Research and innovation can always flourish where inventiveness and entrepreneurship are not limited, but encouraged. Cutting red tape – ‘better regulation’ – are often used words at EU level for years now, but the implementation is supported by way too little emphasis.
We also need to focus on the implementation of ongoing programs such as COSME, the EU Structural Funds and Horizon 2020, aimed specifically at SMEs. The programmes provide in particular venture capital, low-interest loans and grants. Not only do we have to ensure that sufficient funds must be made available from the EU budget each year, which unfortunately is not self-evident, but we also need sufficient information for SMEs on how they can access the funding. For this purpose, the ALDE has created its own funding guidelines you can access at http://www.michaeltheurer.eu/wp-media/2013/03/KMU_Guide_Michael-Theurer.pdf.
Were the austerity measures in Southern Europe good or bad for SMEs?
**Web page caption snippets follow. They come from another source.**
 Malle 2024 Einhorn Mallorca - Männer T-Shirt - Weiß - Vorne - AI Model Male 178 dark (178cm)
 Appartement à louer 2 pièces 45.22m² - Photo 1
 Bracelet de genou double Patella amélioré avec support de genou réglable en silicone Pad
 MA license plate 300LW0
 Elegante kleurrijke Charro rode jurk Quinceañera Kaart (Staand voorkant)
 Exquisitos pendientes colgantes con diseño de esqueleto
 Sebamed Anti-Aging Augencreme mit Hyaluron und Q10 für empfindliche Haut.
There was no alternative to austerity measured in the countries most affected by the sovereign debt crisis. A proper state bankruptcy of a country would have plunged even the SME sector into the abyss. You have to see the bigger picture: austerity measures as well as rescue programmes are accompanied by structural reforms that include labour market reforms, liberalisation of formerly public sectors and procurement. This benefits in particular SMEs.
In Greece and Spain many SMEs do not get loans. In Greece, there are almost no cooperative banks (only 2% market share), and virtually no savings banks. Therefore the ALDE has fought successfully, for loans for SMEs from the European Central Bank.
How do you assess the role of “New Europeans” in Europe and especially in Germany?
Germany ranks high among the classic immigration countries, with hundreds of thousands of people moving here annually. In terms of popularity, we rank just behind the United States. This would not be so if Germany would not be considered cosmopolitan and open minded. The vast majority of our fellow citizens with a migration background are well integrated and an asset to our country, our society and culture. In particular, those who are with us for several generations are successful business people today.
Recent migration flows result from the sometimes dramatically high unemployment rates, particularly in the southern “crisis countries” of the EU. Germany in turn is affected by skill shortages and an aging population. The shortage of skilled labour may amount to 1.4 million jobs in 2020, according to the German Chamber of Commerce.
Because of that, but also because the freedom of movement is a fundament of the EU, the Liberals will ensure that workers can move to another EU country without any problems, whether for work, for study or for training purposes. We are working actively on the legal framework for mutual recognition of qualifications. In this area we have to reduce regulatory barriers. The ALDE stands also for controlled immigration. We advocate for immigration quotas and to add two columns in the refugee policy: helping people to help themselves in their countries of origin as well as an enhanced EU border protection, by combating smuggling gangs and through coordinated assistance to the shipwrecked.